[Your goal]
The expected answer is the data below, retyped exactly.

[Supplied records]
##############################
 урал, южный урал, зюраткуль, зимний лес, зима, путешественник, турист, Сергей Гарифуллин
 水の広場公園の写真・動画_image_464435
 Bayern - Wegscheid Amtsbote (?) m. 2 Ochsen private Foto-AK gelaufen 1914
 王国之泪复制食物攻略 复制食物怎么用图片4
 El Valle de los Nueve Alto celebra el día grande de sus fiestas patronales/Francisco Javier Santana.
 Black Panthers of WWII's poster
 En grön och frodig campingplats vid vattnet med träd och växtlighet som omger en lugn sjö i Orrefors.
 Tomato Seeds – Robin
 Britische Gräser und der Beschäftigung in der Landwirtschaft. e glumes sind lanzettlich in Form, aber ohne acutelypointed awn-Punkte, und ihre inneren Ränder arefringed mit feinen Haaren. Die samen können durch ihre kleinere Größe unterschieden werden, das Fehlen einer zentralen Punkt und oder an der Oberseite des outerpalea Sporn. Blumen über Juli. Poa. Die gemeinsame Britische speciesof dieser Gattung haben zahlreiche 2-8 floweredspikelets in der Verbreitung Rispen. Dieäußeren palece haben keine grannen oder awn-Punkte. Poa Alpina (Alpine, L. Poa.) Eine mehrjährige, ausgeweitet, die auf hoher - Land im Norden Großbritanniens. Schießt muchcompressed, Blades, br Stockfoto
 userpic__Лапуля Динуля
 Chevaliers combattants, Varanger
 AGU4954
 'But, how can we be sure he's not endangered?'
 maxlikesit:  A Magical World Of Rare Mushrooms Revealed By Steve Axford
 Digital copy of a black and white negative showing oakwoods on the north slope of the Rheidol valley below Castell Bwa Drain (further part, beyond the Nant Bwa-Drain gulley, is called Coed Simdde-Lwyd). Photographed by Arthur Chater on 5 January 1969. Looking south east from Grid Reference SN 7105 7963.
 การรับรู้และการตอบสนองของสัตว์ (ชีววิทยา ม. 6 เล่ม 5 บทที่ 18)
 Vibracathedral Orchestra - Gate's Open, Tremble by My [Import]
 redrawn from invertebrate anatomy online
##############################
[Response to the task]
 урал, южный урал, зюраткуль, зимний лес, зима, путешественник, турист, Сергей Гарифуллин
 水の広場公園の写真・動画_image_464435
 Bayern - Wegscheid Amtsbote (?) m. 2 Ochsen private Foto-AK gelaufen 1914
 王国之泪复制食物攻略 复制食物怎么用图片4
 El Valle de los Nueve Alto celebra el día grande de sus fiestas patronales/Francisco Javier Santana.
 Black Panthers of WWII's poster
 En grön och frodig campingplats vid vattnet med träd och växtlighet som omger en lugn sjö i Orrefors.
 Tomato Seeds – Robin
 Britische Gräser und der Beschäftigung in der Landwirtschaft. e glumes sind lanzettlich in Form, aber ohne acutelypointed awn-Punkte, und ihre inneren Ränder arefringed mit feinen Haaren. Die samen können durch ihre kleinere Größe unterschieden werden, das Fehlen einer zentralen Punkt und oder an der Oberseite des outerpalea Sporn. Blumen über Juli. Poa. Die gemeinsame Britische speciesof dieser Gattung haben zahlreiche 2-8 floweredspikelets in der Verbreitung Rispen. Dieäußeren palece haben keine grannen oder awn-Punkte. Poa Alpina (Alpine, L. Poa.) Eine mehrjährige, ausgeweitet, die auf hoher - Land im Norden Großbritanniens. Schießt muchcompressed, Blades, br Stockfoto
 userpic__Лапуля Динуля
 Chevaliers combattants, Varanger
 AGU4954
 'But, how can we be sure he's not endangered?'
 maxlikesit:  A Magical World Of Rare Mushrooms Revealed By Steve Axford
 Digital copy of a black and white negative showing oakwoods on the north slope of the Rheidol valley below Castell Bwa Drain (further part, beyond the Nant Bwa-Drain gulley, is called Coed Simdde-Lwyd). Photographed by Arthur Chater on 5 January 1969. Looking south east from Grid Reference SN 7105 7963.
 การรับรู้และการตอบสนองของสัตว์ (ชีววิทยา ม. 6 เล่ม 5 บทที่ 18)
 Vibracathedral Orchestra - Gate's Open, Tremble by My [Import]
 redrawn from invertebrate anatomy online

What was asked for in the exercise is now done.